Try it:
Among the lines below, copy exactly those from the one with "Used 2026 BMW" through the one with "Bangunan 200m2 Unit", counting both ends.

Extracted records:
▶

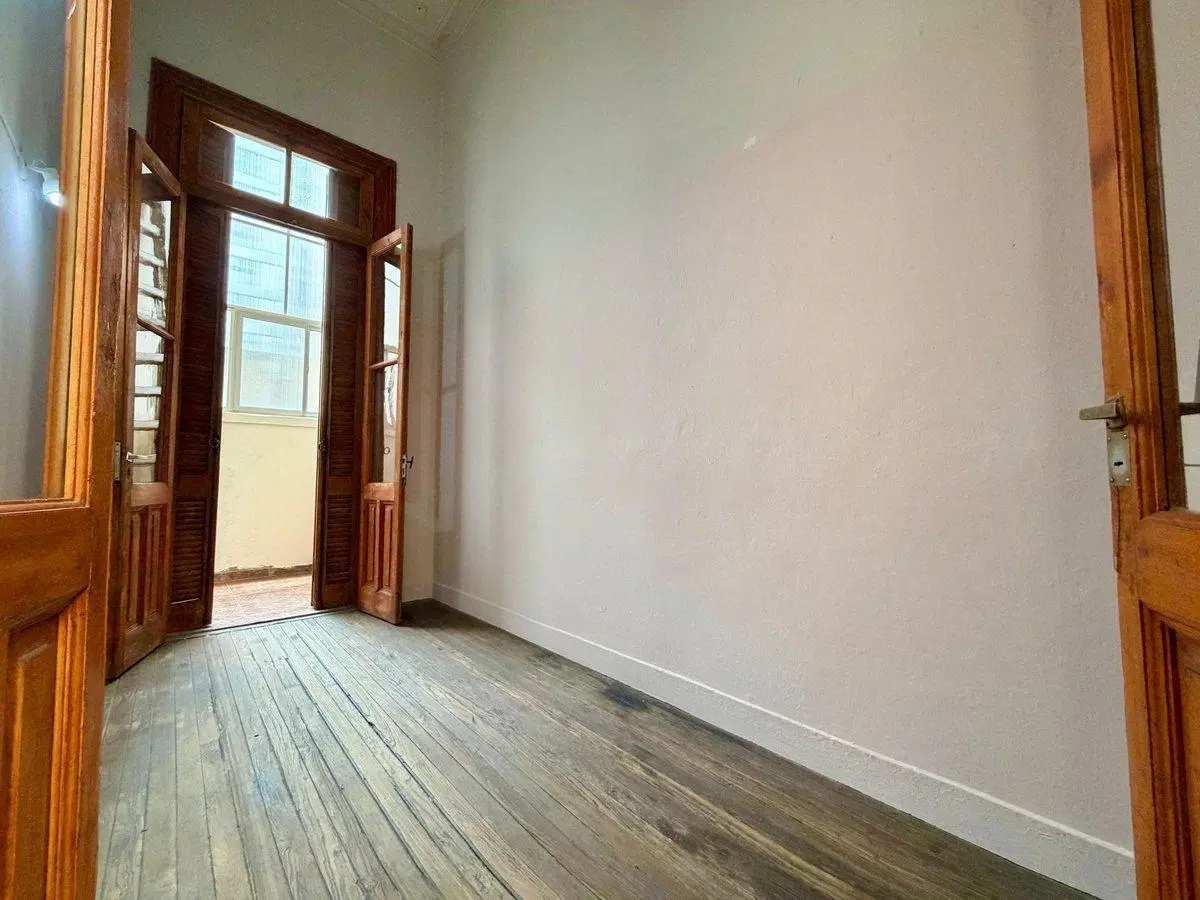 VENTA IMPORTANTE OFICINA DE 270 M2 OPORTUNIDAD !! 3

◀
▶

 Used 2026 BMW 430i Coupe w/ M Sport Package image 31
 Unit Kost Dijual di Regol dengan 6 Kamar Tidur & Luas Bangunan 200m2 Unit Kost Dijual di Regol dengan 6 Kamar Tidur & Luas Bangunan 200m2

◀
▶

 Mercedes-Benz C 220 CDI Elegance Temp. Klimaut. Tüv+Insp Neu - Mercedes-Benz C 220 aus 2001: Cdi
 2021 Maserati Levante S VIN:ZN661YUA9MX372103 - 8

◀

Output for this exercise:
 Used 2026 BMW 430i Coupe w/ M Sport Package image 31
 Unit Kost Dijual di Regol dengan 6 Kamar Tidur & Luas Bangunan 200m2 Unit Kost Dijual di Regol dengan 6 Kamar Tidur & Luas Bangunan 200m2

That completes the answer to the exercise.